Finally, just as everyone was heading inside to watch the action unfold, I ran into Tom (left), a 24-year-old PE teacher and his friend Chris, who is 25 and manages a bar. It was their first time to a wrestling event, and usually they keep busy in the ways that most young men who wear Nylon gillets keep busy, "clubbing, going to a bit of rugby, festivals, that kind of thing."

So what had drawn them to WWE? "In wrestling, there's more birds!" Chris explained. "Give me a women's-only Royal Rumble, I'd be all over that!"

What about women's-only rugby? Would they be prepared to pay to watch that?

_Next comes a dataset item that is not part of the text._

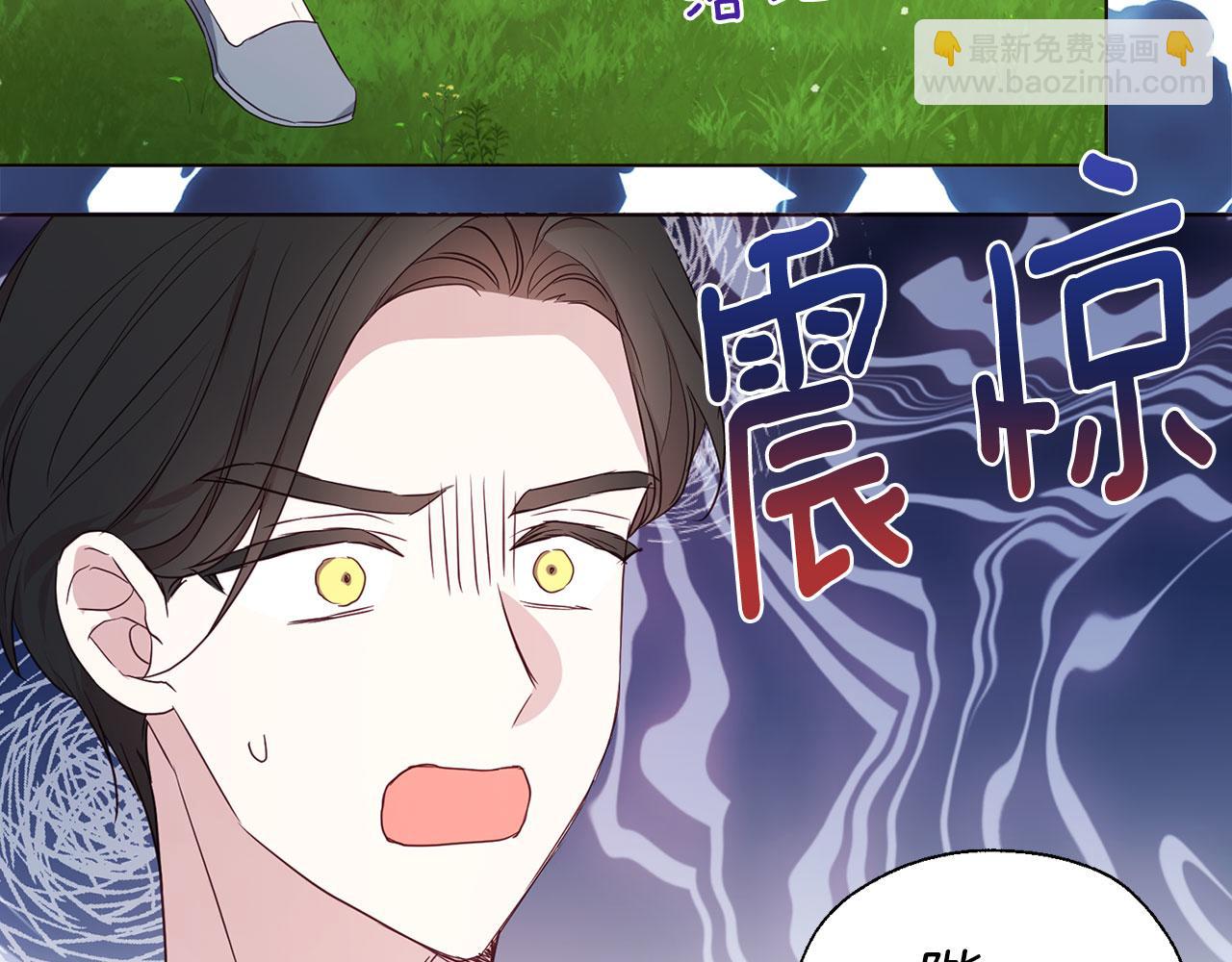 第133话 公主苏醒73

"Depends on the uniforms," said Tom. "I'd be all over that!"

"Touch rugby!" said Chris.

"Touch up rugby!" replied Tom.

"Touch cunt rugby!" squealed Chris.

Then they both went "Wheeeeeey!" and high-fived.

Despite the banter brothers' best efforts, in the end, I learned that wrestling fans don't deserve to be on the receiving end of my bitterness. Sure, I'll probably never be able to take a bunch of grown men who watch other, stronger grown men pretend to hurt each other seriously, but these WWE loons seemed no different in their fanaticism to, say, football supporters or badger baiters.

In fact, their passion for the fake sport reawakened something in me that had been lying dormant for years. Maybe, just maybe, I could steal back some of that magic I once felt as I threw my brother's barely animate body against the corner of the coffee table, over and over again.